Obama swipes at Paul Ryan's Ayn Rand fandom
President Obama dismissed Ayn Rand, whom Republican vice presidential candidate Paul Ryan said at one point "inspired him," as having "a pretty narrow vision" in an interview with Rolling Stone.
"Well, you'd have to ask Paul Ryan what that means to him," Obama said in the interview. "Ayn Rand is one of those things that a lot of us, when we were 17 or 18 and feeling misunderstood, we'd pick up. Then, as we get older, we realize that a world in which we're only thinking about ourselves and not thinking about anybody else, in which we're considering the entire project of developing ourselves as more important than our relationships to other people and making sure that everybody else has opportunity – that that's a pretty narrow vision."
The president went on to describe Rand's objectivist philosophy — which emphasizes self-interest — as having overtaken the GOP.
In a 2005 speech Ryan said he grew up reading Rand's writing, which included notable novels like Atlas Shrugged and The Fountainhead.
"It taught me quite a bit about who I am and what my value systems are and what my beliefs are," Ryan said. "It's inspired me so much that it's required reading in my office for all my interns and my staff."

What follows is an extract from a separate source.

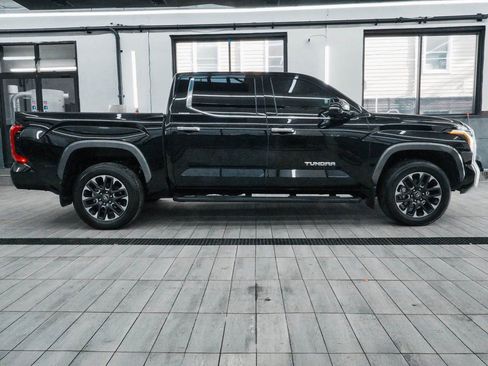 Used 2025 Toyota Tundra Limited image 5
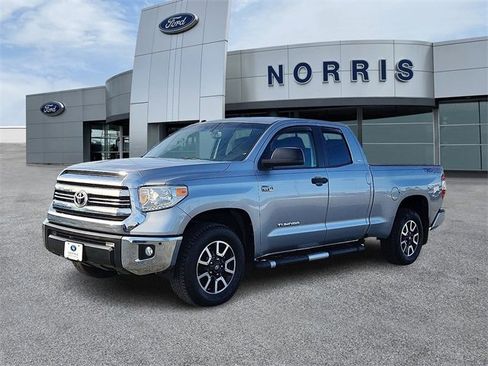 Used 2017 Toyota Tundra SR5 w/ TRD Off Road Package image 2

Ryan went on to say that "the reason I got involved in public service, by and large, if I had to credit one thinker, one person, it would be Ayn Rand. And the fight we are in here, make no mistake about it, is a fight of individualism versus collectivism."
But in an April interview with the National Review, Ryan said that his fandom was an overstated "urban legend."
“I, like millions of young people in America, read Rand’s novels when I was young. I enjoyed them,” Ryan said. “They spurred an interest in economics, in the Chicago School and Milton Friedman. But it’s a big stretch to suggest that a person is therefore an Objectivist.”
Ryan went on to say he rejected Rand's philosophy.
“It’s an atheist philosophy. It reduces human interactions down to mere contracts and it is antithetical to my worldview. If somebody is going to try to paste a person’s view on epistemology to me, then give me Thomas Aquinas, don't give me Ayn Rand," Ryan said.